Assignment: From the line containing "Yellow silk chanderi" to the line containing "Corduroy bolster dog" in the records below, set down every line exactly as it stands, both ends included, and skip the pictures.

Information provided:
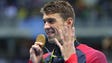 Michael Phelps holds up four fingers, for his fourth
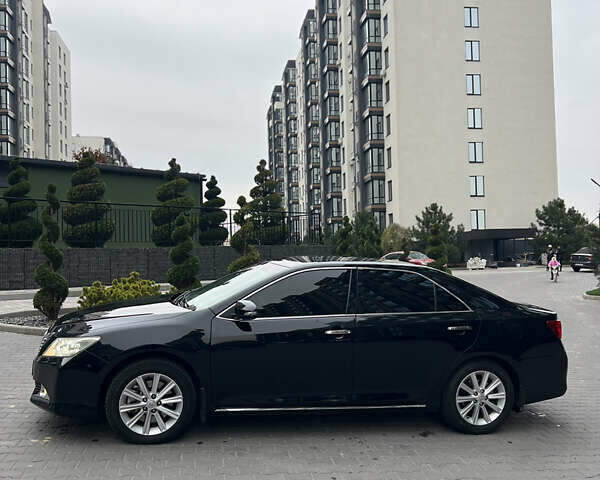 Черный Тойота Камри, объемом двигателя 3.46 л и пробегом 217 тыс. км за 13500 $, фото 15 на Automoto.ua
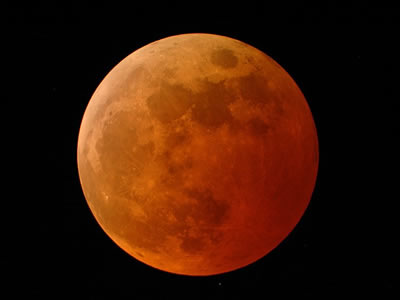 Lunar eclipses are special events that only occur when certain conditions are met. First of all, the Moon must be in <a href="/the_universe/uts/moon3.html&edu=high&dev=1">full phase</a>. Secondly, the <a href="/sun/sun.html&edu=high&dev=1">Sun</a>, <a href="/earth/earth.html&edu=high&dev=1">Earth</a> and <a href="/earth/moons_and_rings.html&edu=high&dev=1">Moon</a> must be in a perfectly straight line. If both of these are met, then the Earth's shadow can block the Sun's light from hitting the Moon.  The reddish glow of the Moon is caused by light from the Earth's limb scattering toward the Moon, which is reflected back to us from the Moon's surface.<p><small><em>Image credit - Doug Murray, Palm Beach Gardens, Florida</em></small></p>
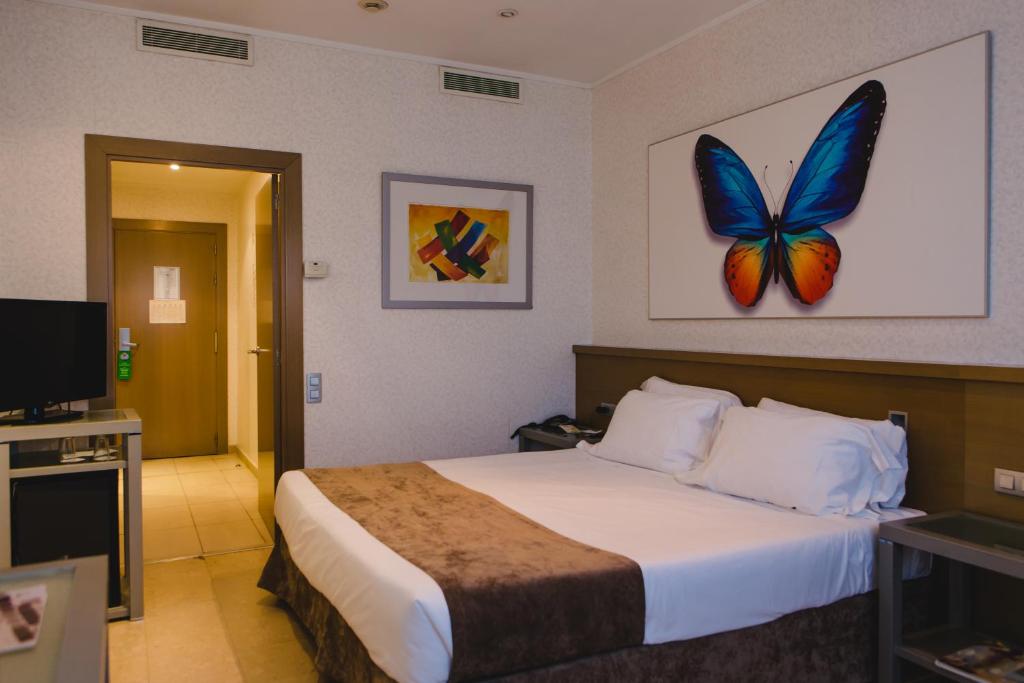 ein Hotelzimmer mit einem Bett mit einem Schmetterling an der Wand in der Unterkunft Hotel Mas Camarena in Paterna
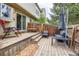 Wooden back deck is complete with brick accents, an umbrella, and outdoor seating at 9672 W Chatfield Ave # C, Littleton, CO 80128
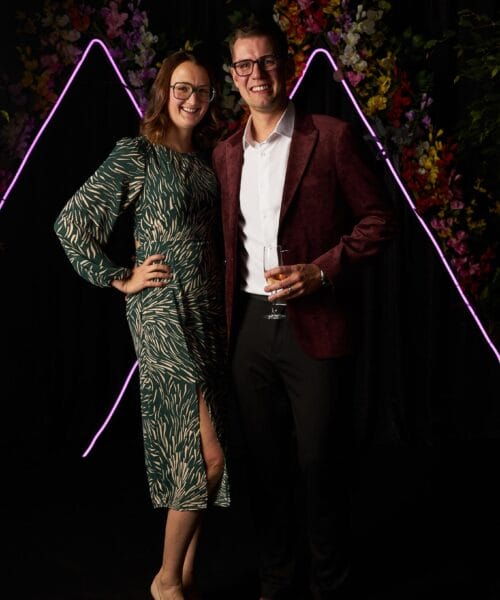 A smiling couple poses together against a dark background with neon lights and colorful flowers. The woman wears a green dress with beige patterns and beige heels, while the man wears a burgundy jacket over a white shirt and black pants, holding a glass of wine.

==

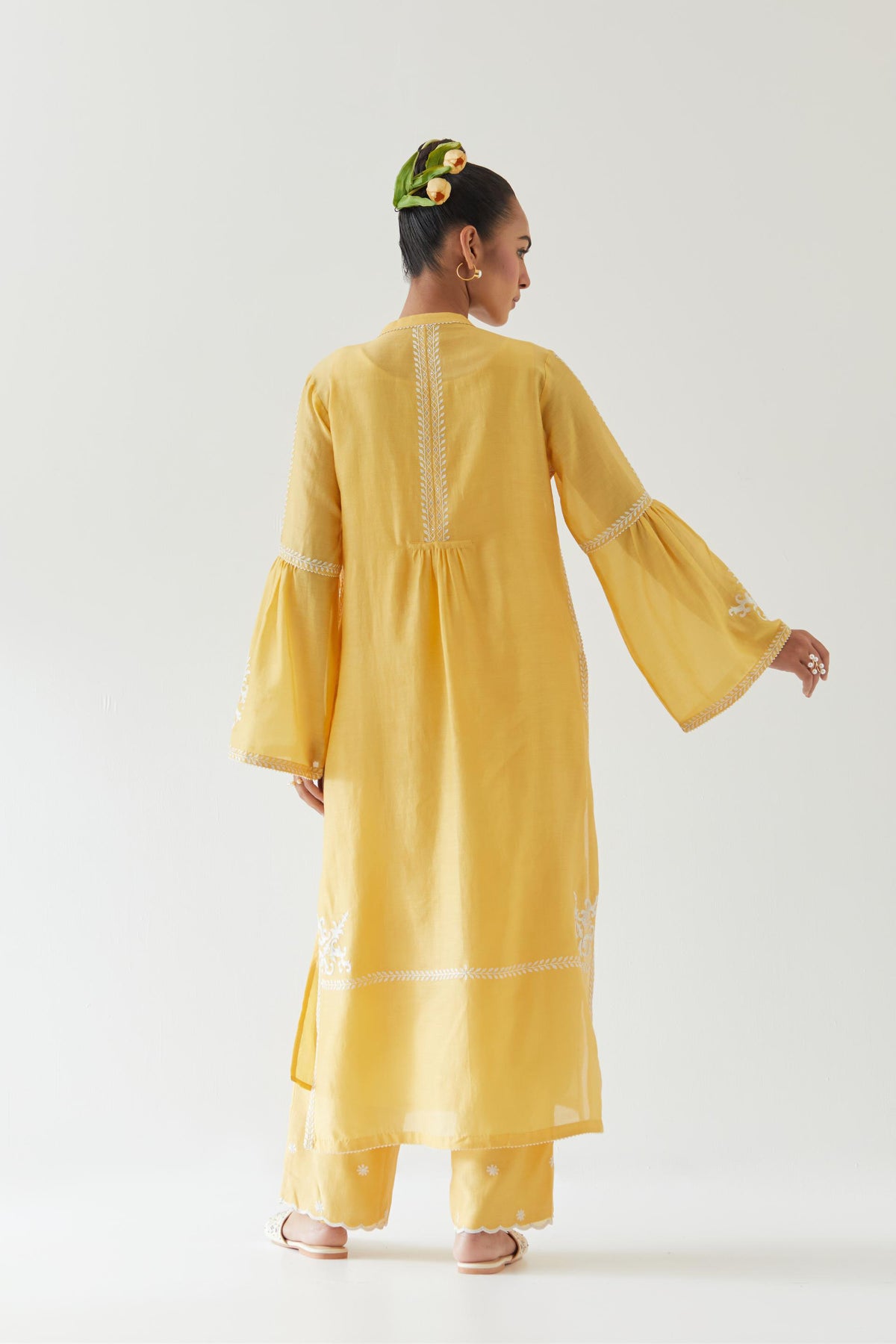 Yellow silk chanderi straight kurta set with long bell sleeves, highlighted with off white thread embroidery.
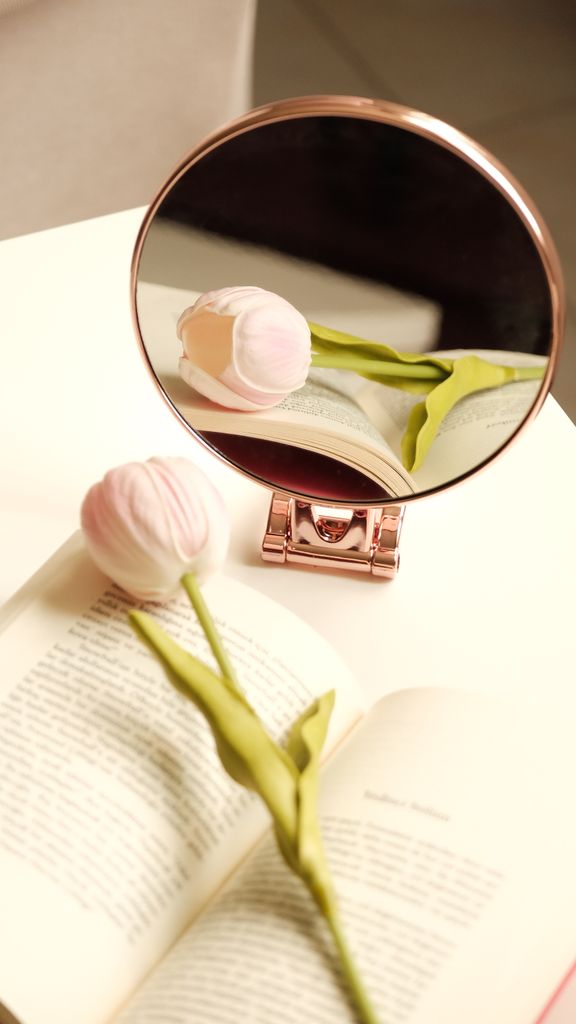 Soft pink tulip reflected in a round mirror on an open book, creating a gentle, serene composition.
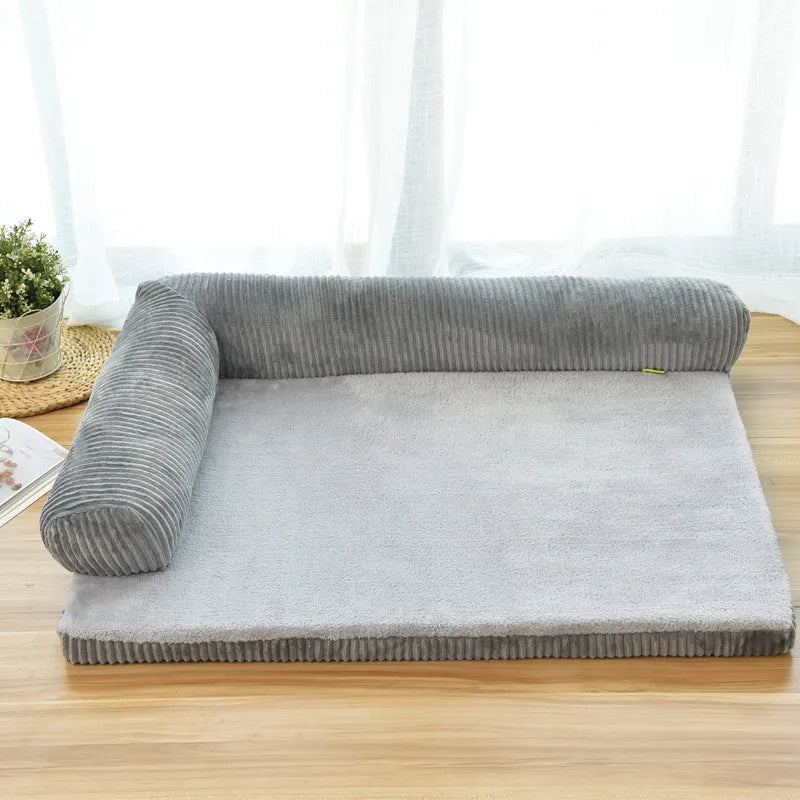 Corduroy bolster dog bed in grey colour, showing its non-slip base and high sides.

The answer:
 Yellow silk chanderi straight kurta set with long bell sleeves, highlighted with off white thread embroidery.
 Soft pink tulip reflected in a round mirror on an open book, creating a gentle, serene composition.
 Corduroy bolster dog bed in grey colour, showing its non-slip base and high sides.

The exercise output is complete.